A murder suspect says he thought he alleged victim was “playing a joke” as he lay dead on his own couch, a court has heard.
Ian Connell, 39, took to the witness box at Manchester Crown Court where he denied murdering 45-year-old Donald Patience on Ainsworth Road, Radcliffe in August last year.
Answering a series of questions from Andrew Leach, defending, Connell said he had found Mr Patience, who he knew as “Prent” dead in the house on his couch after staying over.
He said: "At first when I'd gone in I thought it was a mannequin, I didn't think it was him, I thought he was playing some sort of joke.
"I thought he'd gone to Scotland."
Connell, of Duke Street, Bolton, told the court that thinking the body was a mannequin, he'd gone up to it "giggling” but on getting closer he could see what looked like a blood stained pillow case.
He said: "That's when I realised, the realisation came in at the same time the pillow case was coming off his neck."
He added: "That's when I realised, I started panicking."
Connell claimed the experience was "surreal" and that he had never found a dead body before.

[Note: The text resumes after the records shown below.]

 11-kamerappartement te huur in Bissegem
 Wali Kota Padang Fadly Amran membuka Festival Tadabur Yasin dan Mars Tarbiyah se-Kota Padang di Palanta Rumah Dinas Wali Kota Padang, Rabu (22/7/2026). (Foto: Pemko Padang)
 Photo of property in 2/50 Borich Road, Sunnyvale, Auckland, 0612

He said that he tried to move the body himself and did not call the emergency services because he “wasn’t thinking.”
Connell said: "I don't contact the emergency service myself in any situation."
Asked why, he added: "I normally sort things out myself."

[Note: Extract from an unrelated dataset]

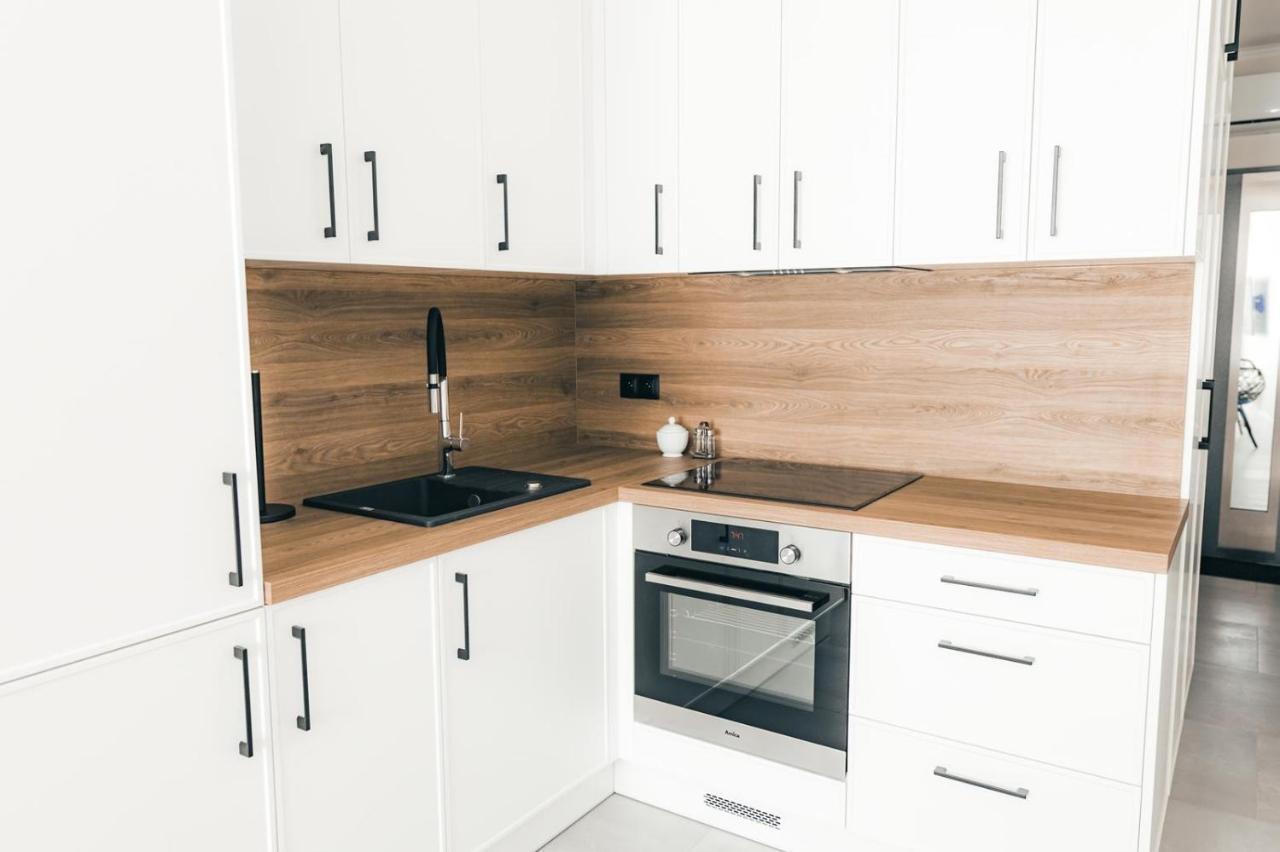 ז'נין Apartamenty Szkolna מראה חיצוני תמונה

Connell was arrested on August 22 last year while walking Mr Patience’s dog, a white labradoodle.
He had been seen by a postman earlier that day appearing to climb into break a window and climb into the house.

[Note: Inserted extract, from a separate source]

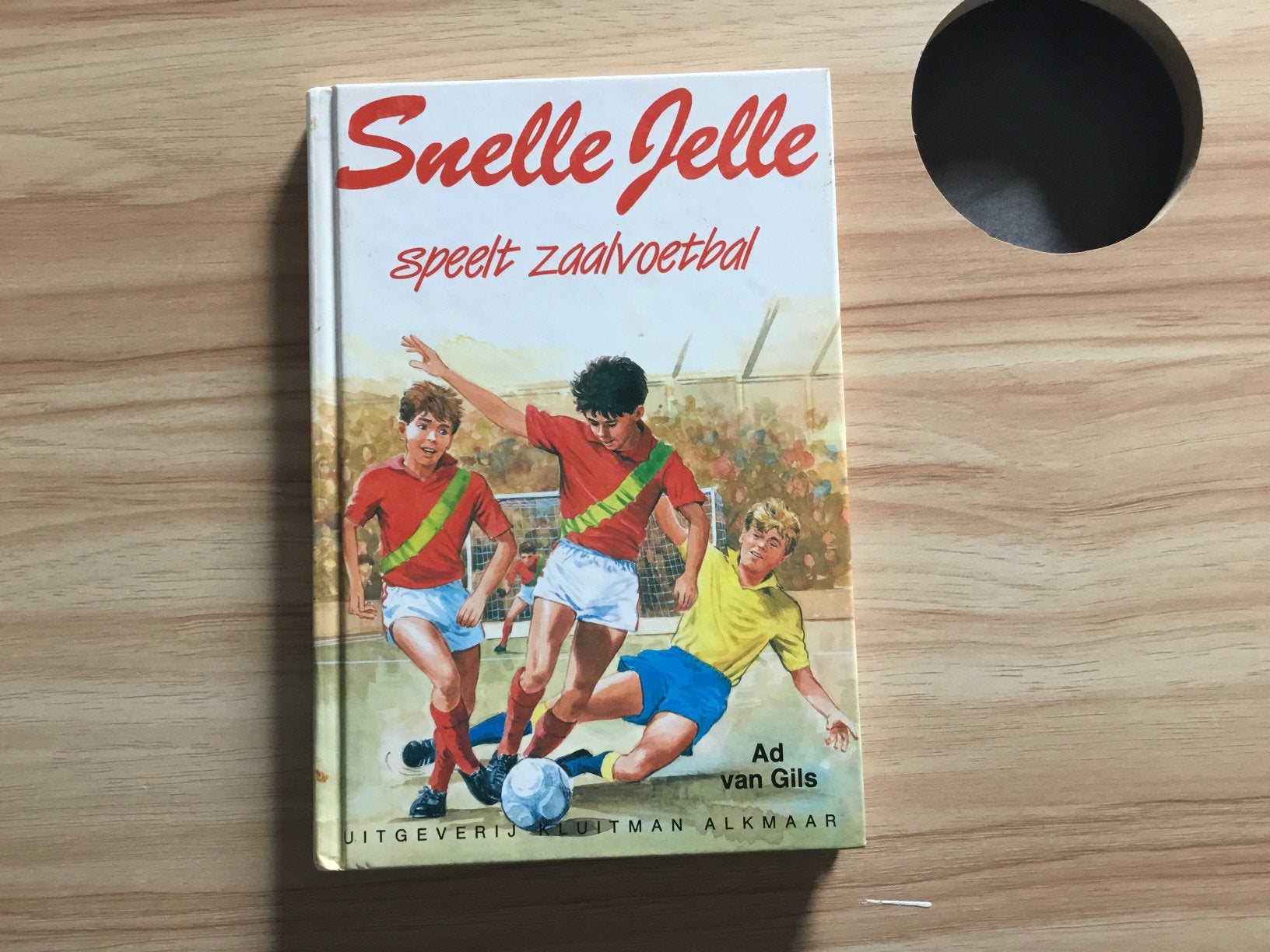Boek snelle jelle speelt zaalvoetbal, Boeken, Ophalen of Verzenden, Zo goed als nieuw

Connell said he had done so because his key had "snapped."
He was at first arrested on suspicion of burglary before being arrested again on suspicion of murder after police discovered Mr Patience’s body on searching the house.
Questioned in the witness box, Connell accepted that he had lied to police at the scene when he told them he believed Mr Patience was in Scotland, when he knew him to be dead.
But he says he admitted this straight away when brought to Bolton Police Station.
Connell told the court. "I just felt weird, didn't feel myself, didn't feel normal."
He said that when interviewed by police he was "not thinking straight."
Taking questions from Mr Leach, Connell told the jury of six men and six women that he had been taking crack cocaine and heroin “off and on” since the age of 19.
He had first met Mr Patience several years ago and regularly stayed over at his house since then, along with several other men.
He told the court that he came to have his own room at Mr Patience’s house while “sofa surfing.”
Connell said that Mr Patience often needed work doing like "painting and decorating, things like that.”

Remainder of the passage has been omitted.